I managed to produce a 32-bit x 32-bit -->64 bit code fragment that took 18 cycles to complete (it is in-line).

oldmulshift32:

lsrs r3,r0,#16 //Factor0 hi [16:31]

uxth r0,r0 //Factor0 lo [0:15]

uxth r2,r1 //Factor1 lo [0:15]

lsrs r1,r1,#16 //Factor1 hi [16:31]

movs r4,r0 //copy Factor0 [0:15]

muls r4,r2 //Factor0 lo * Factor1 lo

muls r0,r1 //Factor0 lo * Factor1 hi

muls r2,r3 //Factor1 lo * Factor0 hi

muls r1,r3 //Factor1 hi * Factor0 hi

adds r0,r2 //(Factor0 lo * Factor1 hi) + (Factor1 lo * Factor0 hi)

movs r2,#0 //

adcs r2,r2 //C --> bit 16 (r2 contains $00000000 or $00010000)

lsls r2,r2,#16 //

lsrs r3,r0,#16 //Extract partial result [bits 16-31]

lsls r0,r0,#16 //Extract partial result [bits 0-15]

adds r0,r4 //Result [bits 0-31] + C

adcs r2,r3 //Partial [bits 16-47]

adds r1,r2 //Results [bit 32-63]

Happily Jens Bauer was able to provide me with an alternative that takes only 17 cycles to execute.

mulshift32:

uxth r2,r0 /* [1] Extract Factor 0 lo [0-15]

lsrs r0,r0,#16 /* [1] Extract Factor 0 hi [16-31]

lsrs r3,r1,#16 /* [1] Extract Factor 1 hi [31-16]

uxth r1,r1 /* [1] Extract Factor 1 lo [0-15]

movs r4,r1 /* [1] Copy Factor 1 lo [0-15]

muls r1,r2 /* [1] Factor 1 lo x Factor 0 lo

muls r4,r0 /* [1] Factor 1 lo x Factor 0 hi

muls r3,r2 /* [1] Factor 1 hi x Factor 0 lo

muls r0,r3 /* [1] Factor 0 hi x Factor 1 hi

lsls r2,r4,#16 /* [1] (Factor 1 lo x Factor 0 hi) << 16

lsrs r4,r4,#16 /* [1] (Factor 1 lo x Factor 0 hi) >> 16

adds r1,r2 /* [1] (Factor 1 lo x Factor 0 lo) + ((Factor 1 lo x factor 0 hi) << 16))

adcs r0,r4 /* [1] (Factor 0 hi x factor 1 hi) + ((factor 1 lo x factor 0 hi) >> 16))

lsls r2,r3,#16 /* [1] (Factor 1 hi x Factor 0 lo) << 16

lsrs r3,r3,#16 // [1] (Factor 1 hi x Factor 0 lo) >> 16

adds r1,r2 // [1] (Factor 1 lo x Factor 0 lo) + ((Factor 1 lo x Factor 0 hi) >> 16)

adcs r0,r3 // [1] (Factor 0 hi x Factor 1 hi) + ((Factor 1 hi + Factor 1 lo) >> 16)

My question therefore encompasses any alternative code fragments that take less than 17 cycles.

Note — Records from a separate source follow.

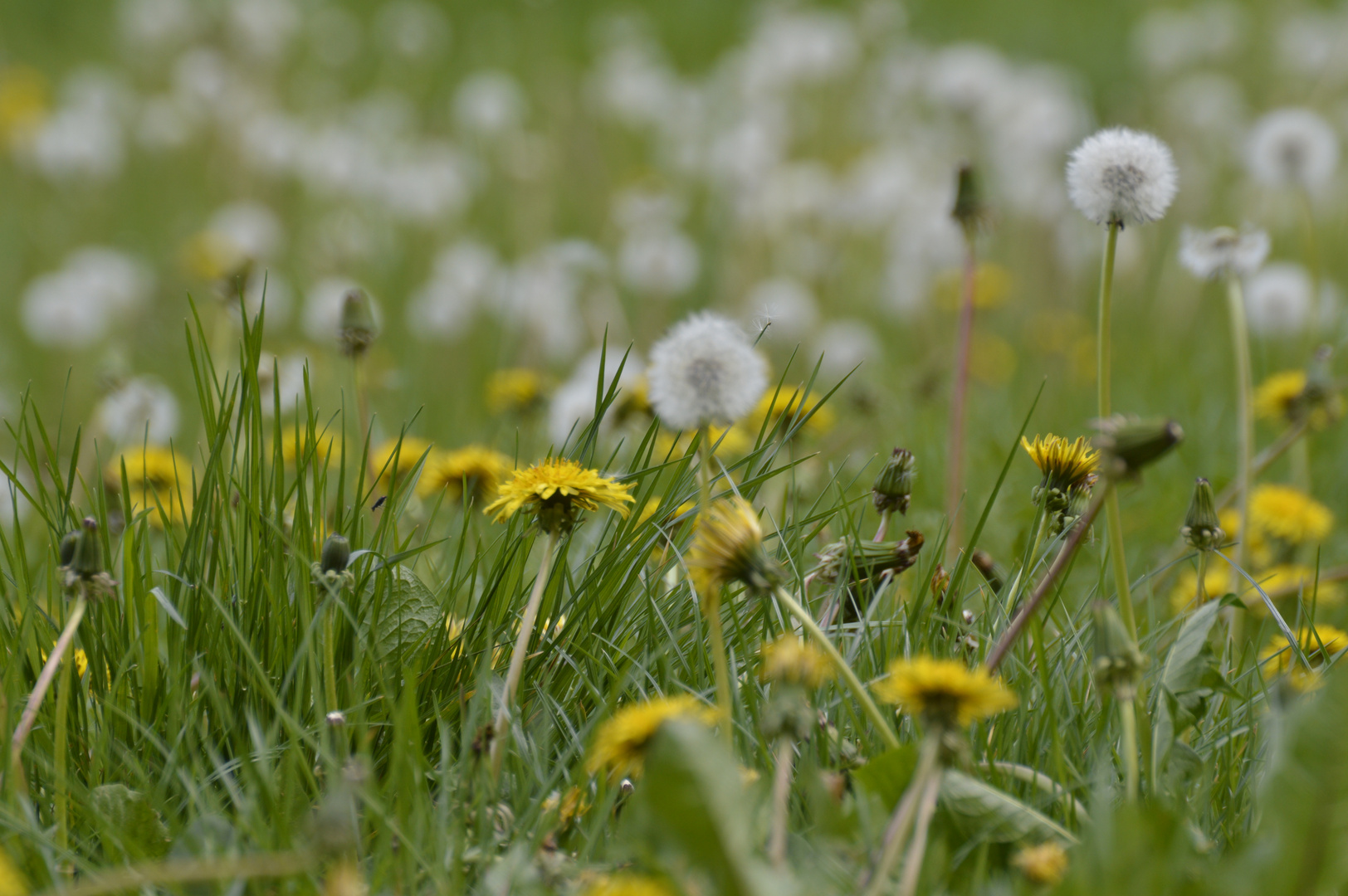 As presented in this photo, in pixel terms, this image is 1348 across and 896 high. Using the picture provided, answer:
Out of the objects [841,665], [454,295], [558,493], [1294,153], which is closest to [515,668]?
[558,493]

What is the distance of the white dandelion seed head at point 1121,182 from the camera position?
99 centimetres

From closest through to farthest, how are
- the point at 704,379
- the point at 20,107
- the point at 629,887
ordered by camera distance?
1. the point at 629,887
2. the point at 704,379
3. the point at 20,107

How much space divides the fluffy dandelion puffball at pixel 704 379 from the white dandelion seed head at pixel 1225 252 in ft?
2.30

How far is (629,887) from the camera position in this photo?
0.65m

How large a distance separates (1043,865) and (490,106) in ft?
15.1

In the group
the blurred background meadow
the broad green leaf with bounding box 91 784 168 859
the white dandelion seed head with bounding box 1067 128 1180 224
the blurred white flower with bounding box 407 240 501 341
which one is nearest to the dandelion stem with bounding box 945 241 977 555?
the blurred background meadow

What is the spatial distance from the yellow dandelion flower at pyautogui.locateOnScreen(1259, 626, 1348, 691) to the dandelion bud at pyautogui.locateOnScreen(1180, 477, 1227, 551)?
0.37 ft

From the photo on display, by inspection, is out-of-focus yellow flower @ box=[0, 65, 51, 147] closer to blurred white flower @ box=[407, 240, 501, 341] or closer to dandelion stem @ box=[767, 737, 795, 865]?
blurred white flower @ box=[407, 240, 501, 341]

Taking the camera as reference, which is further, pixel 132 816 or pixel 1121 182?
pixel 1121 182

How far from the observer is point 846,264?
3963 millimetres

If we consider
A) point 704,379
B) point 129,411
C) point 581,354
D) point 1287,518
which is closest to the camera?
point 704,379

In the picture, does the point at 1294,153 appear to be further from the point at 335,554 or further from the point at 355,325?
the point at 335,554

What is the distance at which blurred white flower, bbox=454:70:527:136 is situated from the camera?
192 inches

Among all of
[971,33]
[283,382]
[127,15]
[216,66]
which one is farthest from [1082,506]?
[127,15] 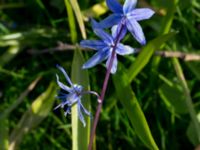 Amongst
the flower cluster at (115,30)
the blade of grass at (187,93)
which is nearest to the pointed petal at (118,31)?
the flower cluster at (115,30)

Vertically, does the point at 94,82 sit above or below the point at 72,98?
below

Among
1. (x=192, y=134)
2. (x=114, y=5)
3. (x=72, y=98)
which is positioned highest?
(x=114, y=5)

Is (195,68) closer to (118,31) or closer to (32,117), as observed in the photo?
(32,117)

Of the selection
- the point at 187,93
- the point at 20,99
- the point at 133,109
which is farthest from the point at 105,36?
the point at 20,99

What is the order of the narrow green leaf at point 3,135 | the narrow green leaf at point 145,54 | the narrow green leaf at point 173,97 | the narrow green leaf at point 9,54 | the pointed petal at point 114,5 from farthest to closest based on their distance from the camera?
the narrow green leaf at point 9,54 < the narrow green leaf at point 173,97 < the narrow green leaf at point 3,135 < the narrow green leaf at point 145,54 < the pointed petal at point 114,5

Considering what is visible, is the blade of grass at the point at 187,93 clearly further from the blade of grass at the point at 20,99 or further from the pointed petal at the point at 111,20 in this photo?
the pointed petal at the point at 111,20

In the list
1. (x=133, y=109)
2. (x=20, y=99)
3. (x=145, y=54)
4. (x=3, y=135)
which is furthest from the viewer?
(x=20, y=99) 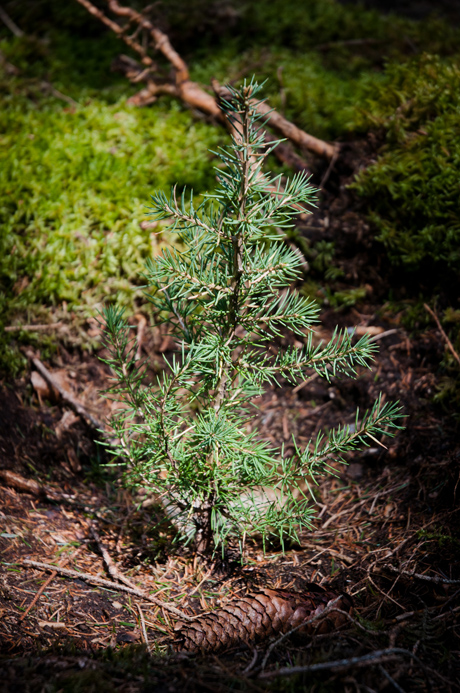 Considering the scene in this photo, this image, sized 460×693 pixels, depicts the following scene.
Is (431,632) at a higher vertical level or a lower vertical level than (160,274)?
lower

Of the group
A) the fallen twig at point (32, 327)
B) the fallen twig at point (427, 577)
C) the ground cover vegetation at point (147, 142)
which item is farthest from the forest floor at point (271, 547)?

You will note that my code uses 3 cycles to move the value in the C flag to bit 16 i.e. a carry. This bit seems the most likely to be speeded up which is why I included it.

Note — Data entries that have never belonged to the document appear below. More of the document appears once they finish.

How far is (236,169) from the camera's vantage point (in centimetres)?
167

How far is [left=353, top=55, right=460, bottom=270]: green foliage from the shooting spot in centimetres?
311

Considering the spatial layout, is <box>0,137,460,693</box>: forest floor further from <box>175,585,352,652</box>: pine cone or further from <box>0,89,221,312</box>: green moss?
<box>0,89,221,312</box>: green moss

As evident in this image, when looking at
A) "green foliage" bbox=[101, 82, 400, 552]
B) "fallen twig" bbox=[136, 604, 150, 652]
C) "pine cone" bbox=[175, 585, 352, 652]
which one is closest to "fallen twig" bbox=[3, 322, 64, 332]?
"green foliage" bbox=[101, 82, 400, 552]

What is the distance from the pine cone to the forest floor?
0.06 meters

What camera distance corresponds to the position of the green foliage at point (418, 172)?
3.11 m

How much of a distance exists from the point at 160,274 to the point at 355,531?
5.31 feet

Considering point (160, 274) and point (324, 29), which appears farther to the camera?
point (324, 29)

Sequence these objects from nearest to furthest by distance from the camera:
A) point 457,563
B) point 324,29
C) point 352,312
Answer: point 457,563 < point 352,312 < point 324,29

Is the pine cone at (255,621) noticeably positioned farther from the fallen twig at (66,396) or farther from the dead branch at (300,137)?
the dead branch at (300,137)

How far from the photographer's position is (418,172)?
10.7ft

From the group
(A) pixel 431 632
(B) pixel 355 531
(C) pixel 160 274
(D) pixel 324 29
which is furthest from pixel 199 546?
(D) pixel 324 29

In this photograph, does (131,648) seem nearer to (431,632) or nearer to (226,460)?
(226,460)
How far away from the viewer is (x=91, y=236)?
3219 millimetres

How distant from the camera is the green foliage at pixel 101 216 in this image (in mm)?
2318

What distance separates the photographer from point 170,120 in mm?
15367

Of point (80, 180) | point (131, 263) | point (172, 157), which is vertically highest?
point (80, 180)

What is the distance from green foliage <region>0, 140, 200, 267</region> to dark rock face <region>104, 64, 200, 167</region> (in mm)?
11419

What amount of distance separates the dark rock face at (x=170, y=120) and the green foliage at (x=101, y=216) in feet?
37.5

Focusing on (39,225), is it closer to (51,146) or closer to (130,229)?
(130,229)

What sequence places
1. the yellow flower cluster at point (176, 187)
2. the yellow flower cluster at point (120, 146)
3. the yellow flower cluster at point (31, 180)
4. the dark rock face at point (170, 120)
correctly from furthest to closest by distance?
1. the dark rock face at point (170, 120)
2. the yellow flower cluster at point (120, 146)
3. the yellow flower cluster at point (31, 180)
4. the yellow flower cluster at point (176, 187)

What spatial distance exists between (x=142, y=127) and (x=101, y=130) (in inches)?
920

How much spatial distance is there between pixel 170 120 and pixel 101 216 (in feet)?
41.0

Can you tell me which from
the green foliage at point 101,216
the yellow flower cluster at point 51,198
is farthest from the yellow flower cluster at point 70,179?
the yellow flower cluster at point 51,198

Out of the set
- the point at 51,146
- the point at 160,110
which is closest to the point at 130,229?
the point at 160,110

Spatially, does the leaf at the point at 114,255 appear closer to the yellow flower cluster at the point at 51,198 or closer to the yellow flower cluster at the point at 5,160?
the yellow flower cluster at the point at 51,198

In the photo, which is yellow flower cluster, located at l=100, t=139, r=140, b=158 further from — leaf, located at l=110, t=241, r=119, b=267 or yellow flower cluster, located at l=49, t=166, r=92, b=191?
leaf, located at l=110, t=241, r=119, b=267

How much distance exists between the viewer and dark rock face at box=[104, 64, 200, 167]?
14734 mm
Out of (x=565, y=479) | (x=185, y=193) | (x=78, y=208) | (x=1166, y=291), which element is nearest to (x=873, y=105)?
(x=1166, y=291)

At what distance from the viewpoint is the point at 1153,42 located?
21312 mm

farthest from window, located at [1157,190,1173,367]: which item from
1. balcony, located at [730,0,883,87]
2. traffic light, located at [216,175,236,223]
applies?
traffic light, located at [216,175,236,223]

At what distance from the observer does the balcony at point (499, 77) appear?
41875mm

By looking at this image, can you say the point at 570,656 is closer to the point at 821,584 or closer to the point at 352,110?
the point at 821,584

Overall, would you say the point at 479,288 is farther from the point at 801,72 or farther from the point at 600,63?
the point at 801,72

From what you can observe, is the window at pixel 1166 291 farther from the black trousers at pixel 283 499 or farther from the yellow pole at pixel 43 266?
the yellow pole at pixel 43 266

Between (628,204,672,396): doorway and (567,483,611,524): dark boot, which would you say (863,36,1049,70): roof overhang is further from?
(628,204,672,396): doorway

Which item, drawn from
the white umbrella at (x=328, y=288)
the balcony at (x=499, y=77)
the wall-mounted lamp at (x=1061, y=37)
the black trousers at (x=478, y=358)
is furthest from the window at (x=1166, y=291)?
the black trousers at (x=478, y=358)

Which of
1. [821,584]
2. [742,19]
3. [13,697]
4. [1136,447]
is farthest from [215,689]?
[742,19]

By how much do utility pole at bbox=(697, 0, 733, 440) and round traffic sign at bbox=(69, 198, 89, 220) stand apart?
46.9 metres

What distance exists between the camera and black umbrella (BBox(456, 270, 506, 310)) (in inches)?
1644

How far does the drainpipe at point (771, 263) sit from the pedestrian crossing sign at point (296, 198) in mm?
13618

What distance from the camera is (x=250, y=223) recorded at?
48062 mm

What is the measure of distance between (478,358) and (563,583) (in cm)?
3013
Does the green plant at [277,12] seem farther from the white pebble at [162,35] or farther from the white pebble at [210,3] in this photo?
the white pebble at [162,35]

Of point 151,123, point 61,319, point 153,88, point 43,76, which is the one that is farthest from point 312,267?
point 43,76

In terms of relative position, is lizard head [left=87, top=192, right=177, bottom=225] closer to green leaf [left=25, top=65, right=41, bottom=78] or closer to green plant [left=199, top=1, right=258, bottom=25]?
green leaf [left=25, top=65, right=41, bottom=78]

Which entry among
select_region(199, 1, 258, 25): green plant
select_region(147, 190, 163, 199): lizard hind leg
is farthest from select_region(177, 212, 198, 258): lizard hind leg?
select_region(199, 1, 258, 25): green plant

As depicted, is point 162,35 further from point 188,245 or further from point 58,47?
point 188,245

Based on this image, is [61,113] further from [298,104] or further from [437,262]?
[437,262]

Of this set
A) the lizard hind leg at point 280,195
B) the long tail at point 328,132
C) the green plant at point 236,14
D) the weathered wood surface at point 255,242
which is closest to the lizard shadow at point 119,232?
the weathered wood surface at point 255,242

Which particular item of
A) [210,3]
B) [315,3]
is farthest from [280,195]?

Now, recently researchers have found a new method of multiplying very large algorithms but he Karasbura method only requires 3 MULS instructions but it requires so many logic operations that in practice make it slower. The problem is that the quick-reference guide to Thumb does not explain the action of C very well. Now I DO have a solution to this. If bits 6 or 7 are set in the shift/rotate instruction, C is sett appropriately. Since I got my Cortex M0+ based SOC I have wondered why the values in bits 6 & 7 were included in the shift/rotate.... and this MAY be why. Rotating by 64 or 128 will leave the original value in the register BUT the N & C flags will be set where appropriate.

I have concluded that Sophie Wilson is a genius... but isn't good in communicating the underlying logic. I think she assumes that we are all as bright as her and since it's 'obvious'. she does not mention it.

Many thanks.

X

PS I'm aiming to write the code in Thumb4 or earlier so that it is compatible with the maximum number f devices. It certainly IS a large project but both the Chinese & Indian governments have shown great interest and with ARM helping me along, I will give it my best shot.